2015 - 2016
Mr O had operated a horticultural enterprise for many years. He owed the bank more than $1.1m. Of this, $720,000 was a term loan secured by a mortgage over three rural properties which were owned by two family trusts and himself personally. A further $450,000 was secured by a general security agreement (GSA) over all the business chattels and operation. The term loan was interest only. For the previous three years the business had incurred trading losses totaling about $700,000, and over the past year the debt had increased by more than $100,000.
In addition, Mr O had incurred a $220,000-plus debt to IRD including penalties, leading to the registration of statutory land charges over his properties. This meant the bank could not then process its request to increase its priority sums on the mortgages. The priority sum is the total amount of debt the bank can claim (in the event of a sale) before another creditor.
The bank was in frequent contact with Mr O and his lawyer, seeking financial updates and forecasts. In June 2012 when two loan repayments were missed, the bank issued a demand notice under the Property Law Act. Two days before it expired, the bank appointed receivers.
As it transpired, Mr O had a good season, and he felt the bank’s decision to appoint receivers was premature and not warranted. Mr O believed he was tricked into signing some documents and had no recollection of signing the GSA, alleging that his signature was forged. He felt that the bank officer he was dealing with had acted out of malice, had unreasonably put stops on payments and had breached his privacy by discussing his finances with other banks and with members of the public.

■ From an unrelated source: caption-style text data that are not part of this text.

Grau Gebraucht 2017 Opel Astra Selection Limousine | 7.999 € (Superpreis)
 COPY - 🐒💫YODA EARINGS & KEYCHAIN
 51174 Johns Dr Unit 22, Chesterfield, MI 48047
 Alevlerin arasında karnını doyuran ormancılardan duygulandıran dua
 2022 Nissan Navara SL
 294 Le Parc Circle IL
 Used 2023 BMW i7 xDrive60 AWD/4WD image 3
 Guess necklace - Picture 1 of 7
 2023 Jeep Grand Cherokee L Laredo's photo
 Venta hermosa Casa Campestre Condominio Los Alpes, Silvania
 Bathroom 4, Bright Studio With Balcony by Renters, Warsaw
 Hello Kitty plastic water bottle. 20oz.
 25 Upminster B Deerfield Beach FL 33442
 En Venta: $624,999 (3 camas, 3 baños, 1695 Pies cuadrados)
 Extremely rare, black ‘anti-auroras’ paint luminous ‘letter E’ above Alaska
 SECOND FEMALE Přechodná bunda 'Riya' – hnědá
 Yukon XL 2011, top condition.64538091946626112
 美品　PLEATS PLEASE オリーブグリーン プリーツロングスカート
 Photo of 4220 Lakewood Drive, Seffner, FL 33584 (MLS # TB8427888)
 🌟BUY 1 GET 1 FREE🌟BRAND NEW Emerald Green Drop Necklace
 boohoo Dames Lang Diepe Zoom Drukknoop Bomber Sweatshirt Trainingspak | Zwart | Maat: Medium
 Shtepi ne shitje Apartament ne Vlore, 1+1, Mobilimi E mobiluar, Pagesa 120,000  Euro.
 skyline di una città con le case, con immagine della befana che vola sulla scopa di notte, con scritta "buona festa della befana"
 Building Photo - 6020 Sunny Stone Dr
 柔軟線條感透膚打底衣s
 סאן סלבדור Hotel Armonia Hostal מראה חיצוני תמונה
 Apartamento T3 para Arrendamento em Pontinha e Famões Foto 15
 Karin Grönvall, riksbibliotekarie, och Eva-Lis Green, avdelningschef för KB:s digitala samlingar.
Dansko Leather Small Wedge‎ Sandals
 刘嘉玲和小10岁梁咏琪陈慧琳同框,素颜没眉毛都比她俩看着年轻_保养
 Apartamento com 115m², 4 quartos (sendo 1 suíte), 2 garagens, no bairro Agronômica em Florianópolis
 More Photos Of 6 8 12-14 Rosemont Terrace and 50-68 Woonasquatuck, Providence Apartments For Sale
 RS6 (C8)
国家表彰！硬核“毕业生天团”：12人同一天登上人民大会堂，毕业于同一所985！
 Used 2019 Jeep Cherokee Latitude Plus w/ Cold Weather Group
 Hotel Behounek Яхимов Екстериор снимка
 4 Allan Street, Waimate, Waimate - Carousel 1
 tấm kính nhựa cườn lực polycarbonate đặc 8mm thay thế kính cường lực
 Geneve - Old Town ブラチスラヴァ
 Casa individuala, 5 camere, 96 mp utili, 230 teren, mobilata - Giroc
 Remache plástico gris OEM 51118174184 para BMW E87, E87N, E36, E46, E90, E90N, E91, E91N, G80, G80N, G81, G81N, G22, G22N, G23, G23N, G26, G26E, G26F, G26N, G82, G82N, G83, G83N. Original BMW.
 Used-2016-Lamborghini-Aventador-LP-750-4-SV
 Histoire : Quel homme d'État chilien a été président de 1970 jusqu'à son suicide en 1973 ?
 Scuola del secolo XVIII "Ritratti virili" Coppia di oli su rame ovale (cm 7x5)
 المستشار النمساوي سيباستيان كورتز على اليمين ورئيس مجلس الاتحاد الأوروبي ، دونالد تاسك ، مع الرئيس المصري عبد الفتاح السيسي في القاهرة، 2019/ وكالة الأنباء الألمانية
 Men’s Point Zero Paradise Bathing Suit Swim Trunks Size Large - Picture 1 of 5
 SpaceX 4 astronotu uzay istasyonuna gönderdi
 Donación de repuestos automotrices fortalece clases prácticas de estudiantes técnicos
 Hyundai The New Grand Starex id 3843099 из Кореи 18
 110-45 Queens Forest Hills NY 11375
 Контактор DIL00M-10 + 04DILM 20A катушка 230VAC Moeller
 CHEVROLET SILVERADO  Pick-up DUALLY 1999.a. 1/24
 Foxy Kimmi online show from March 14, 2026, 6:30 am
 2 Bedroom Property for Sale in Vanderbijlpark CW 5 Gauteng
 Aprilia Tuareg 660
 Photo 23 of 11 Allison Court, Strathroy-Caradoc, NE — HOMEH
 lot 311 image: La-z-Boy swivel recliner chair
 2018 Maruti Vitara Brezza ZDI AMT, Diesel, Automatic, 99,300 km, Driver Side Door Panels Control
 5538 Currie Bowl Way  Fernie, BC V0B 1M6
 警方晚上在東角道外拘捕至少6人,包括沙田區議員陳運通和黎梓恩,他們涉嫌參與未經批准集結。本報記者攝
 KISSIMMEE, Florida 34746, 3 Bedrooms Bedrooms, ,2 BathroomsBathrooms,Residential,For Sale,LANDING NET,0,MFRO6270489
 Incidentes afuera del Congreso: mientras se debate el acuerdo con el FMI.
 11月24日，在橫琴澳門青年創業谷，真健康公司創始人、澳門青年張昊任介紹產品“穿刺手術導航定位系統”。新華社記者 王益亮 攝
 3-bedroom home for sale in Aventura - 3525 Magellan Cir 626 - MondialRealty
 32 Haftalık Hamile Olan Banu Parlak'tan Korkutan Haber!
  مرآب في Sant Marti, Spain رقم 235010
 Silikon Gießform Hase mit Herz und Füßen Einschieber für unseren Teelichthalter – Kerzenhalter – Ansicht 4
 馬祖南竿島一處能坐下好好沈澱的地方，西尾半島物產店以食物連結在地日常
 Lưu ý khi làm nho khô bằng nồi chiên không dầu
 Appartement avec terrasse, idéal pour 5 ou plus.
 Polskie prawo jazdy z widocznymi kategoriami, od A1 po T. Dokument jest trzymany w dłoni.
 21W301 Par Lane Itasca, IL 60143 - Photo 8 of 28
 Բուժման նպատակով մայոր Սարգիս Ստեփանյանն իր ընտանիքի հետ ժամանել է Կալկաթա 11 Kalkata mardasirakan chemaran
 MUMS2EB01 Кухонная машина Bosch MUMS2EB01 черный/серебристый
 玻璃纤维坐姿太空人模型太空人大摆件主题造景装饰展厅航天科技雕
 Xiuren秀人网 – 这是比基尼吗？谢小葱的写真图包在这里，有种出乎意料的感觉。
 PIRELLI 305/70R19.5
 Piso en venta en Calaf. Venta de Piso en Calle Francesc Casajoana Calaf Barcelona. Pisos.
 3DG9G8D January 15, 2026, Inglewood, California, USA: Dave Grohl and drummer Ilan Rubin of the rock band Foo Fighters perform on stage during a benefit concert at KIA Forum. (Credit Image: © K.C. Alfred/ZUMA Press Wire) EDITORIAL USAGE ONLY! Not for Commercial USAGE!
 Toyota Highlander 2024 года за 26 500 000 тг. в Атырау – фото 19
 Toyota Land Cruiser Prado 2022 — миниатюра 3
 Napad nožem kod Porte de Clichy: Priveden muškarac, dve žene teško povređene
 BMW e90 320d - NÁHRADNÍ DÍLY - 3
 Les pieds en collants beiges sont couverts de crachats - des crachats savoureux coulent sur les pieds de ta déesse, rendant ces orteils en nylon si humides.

We explained that the bank’s decision to appoint receivers was a matter of commercial judgement and we cannot interfere with that. We looked at the bank’s conduct prior to this decision. We found that Mr O’s signature on the GSA had been witnessed by a solicitor who had completed all appropriate documentation so there was no evidence Mr O’s signature was forged. The bank had suspended one bank account on request from another party to that account, and had notified Mr O in accordance with the Code of Banking Practice. On another account a payment was declined because of insufficient funds. The GSA provided a legal basis for the bank to appoint receivers if they saw fit. There was insufficient evidence that the bank officer had discussed Mr O’s financial affairs with anyone, and we obtained confirmation from another bank that Mr O had approached for finance, that they had not discussed the matter with Mr O’s bank at all.
We were mildly critical of some of the bank’s communication. At one meeting the bank had agreed to allow Mr O to use an advance from a customer for harvest costs, only to renege on that the next day. Although there was no evidence Mr O had acted in reliance on this, we felt there was some inconsistency in the bank’s communications. We were in no doubt that during the six months before the Property Law Act notices were issued, the bank was warning Mr O that it might make demand, but it was evident that it had also given hope that it would wait for the harvest. Mr O’s lawyer was surprised when the bank proceeded to issue notices under the Property Law Act, and to appoint receivers before the expiry of that notice period. We considered these mixed messages would have fed Mr O’s disappointment when the bank did proceed with recovery action. When Mr O later sought information from the bank, there were some delays and we had to intervene. For these two matters we recommended that the bank compensate Mr O a total of $1,000. Mr O didn’t agree, and indicated he would pursue his grievance through other channels.